The Productivity J-Curve: Why Your AI Pilot Looks Worst at Week 6
$ grep -n "^##" 2026-05-productivity-j-curve-week-6-ai-pilot.md>
The 39-Point Reversal
Sixteen experienced developers. Two hundred and forty-six real tasks on mature open-source repos they'd contributed to for years. Cursor Pro, Claude 3.5 and 3.7 Sonnet. Randomised between AI-allowed and AI-forbidden, February to June 2025. Published 10 July as arXiv:2507.09089 by Becker, Rush, Barnes and Rein at METR.
The headline finding is the cleanest sign reversal in the field:
"After completing the study, developers estimate that allowing AI reduced completion time by 20%. Surprisingly, we find that allowing AI actually increases completion time by 19% — AI tooling slowed developers down."
Plus twenty perceived. Minus nineteen measured. The confidence interval was +2% to +39% — a real slowdown, just not a precise one. Both expert forecasters and the developers themselves had predicted a speed-up north of 24%. They got the sign wrong.
That is not a tooling story.
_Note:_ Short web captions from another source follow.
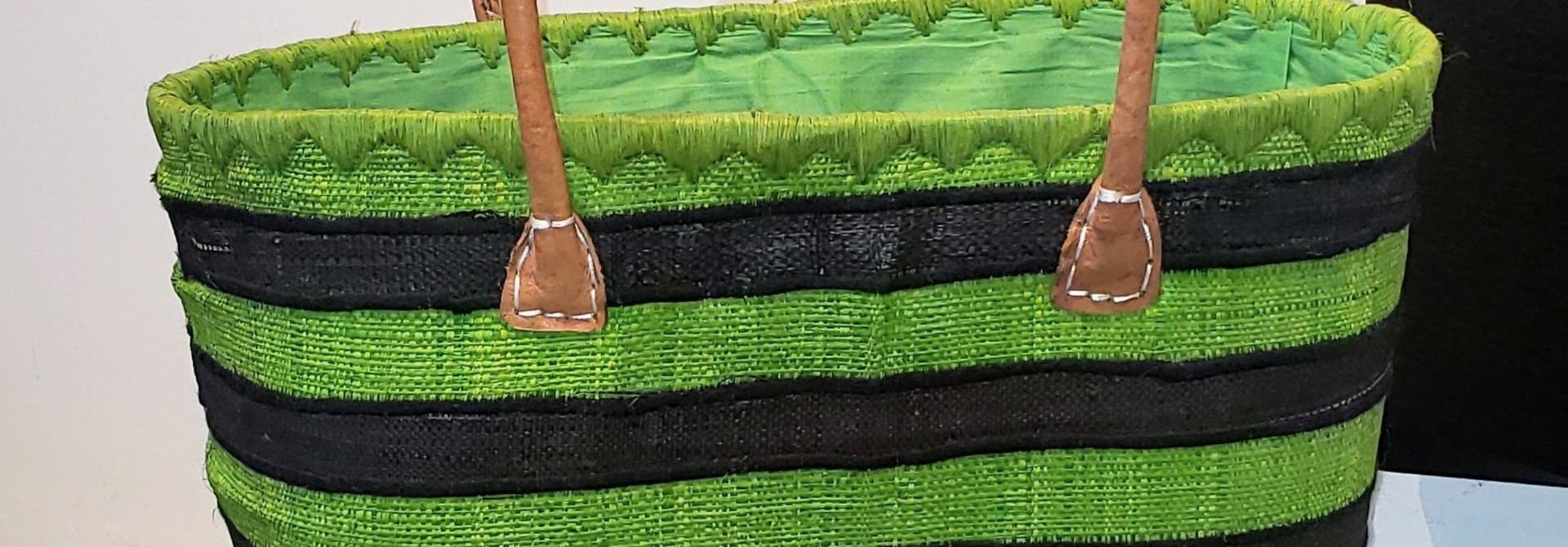 Market Tote - Green Stripe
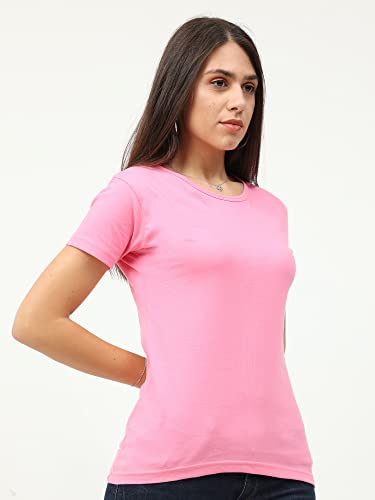 Image of FLEXIMAA Women's Cotton Plain Round Neck Half Sleeve T-Shirt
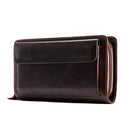 Double Zipper Cowhide Clutch Wallet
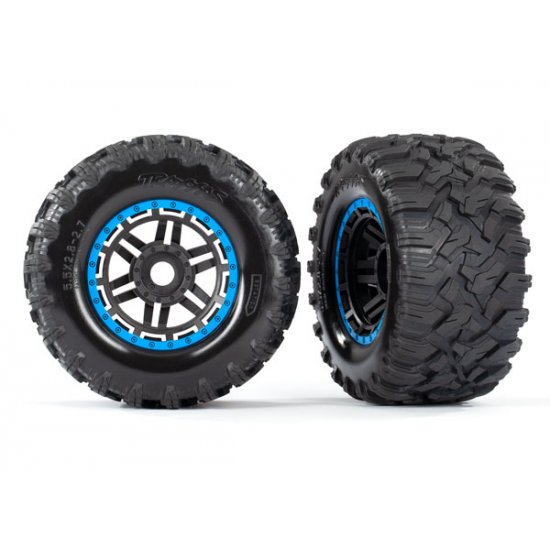 Tires & wheels, assembled, glued (black, blue beadlock style wheels, Maxx® MT tires, foam inserts) (2) (17mm splined) (TSM® rated)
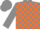 Silk - Grey, orange blocks, orange band on sleeves, grey cap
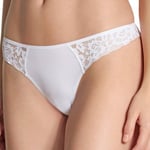 Calida Trosor Natural Comfort Lace Thong Vit bomull Medium Dam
It is a measurement story. The instant week 6 of a pilot lands on a CTO's desk with positive developer sentiment and flat delivery metrics, the gap becomes visible. The tool has not failed. The measurement window has — and the failure isn't a quirk of one study. It's the shape of every general-purpose technology, and it has a name.
The Shape Has a Name
In 2006, the political scientist Ian Bremmer published The J Curve to explain why authoritarian states become more unstable, not less, when they begin to open up. Stability falls before it rises. The right-arm peak is higher than the start — but only if you survive the bottom.
Twelve years later, the economists Erik Brynjolfsson, Daniel Rock and Chad Syverson lifted the same shape into macroeconomics. Their 2018 Productivity J-Curve paper showed that general-purpose technologies — electricity, the PC, AI — require large intangible investments in skills, processes and data redesign before the gains show up in the statistics. Measured output falls, then rises higher than before. Same shape, longer time constant.
Then, in July 2025, Kristina McElheran and co-authors put numbers on it for AI specifically: US Census Bureau data across tens of thousands of manufacturing firms showed an average short-run productivity decline of 1.33 percentage points, with older firms seeing the deepest dips before pulling ahead. McElheran's summary in MIT Sloan is the line to keep:
"That initial dip — the downward slope of the J-curve — is very real."
Rendering diagram...
METR's −19% lands around week 6 for experienced developers — the measurable trough. The right-arm magnitude is organisation-specific; the shape is not. Geopolitics, macro, manufacturing — three independent literatures, one curve. So what makes week 6 specifically so dangerous?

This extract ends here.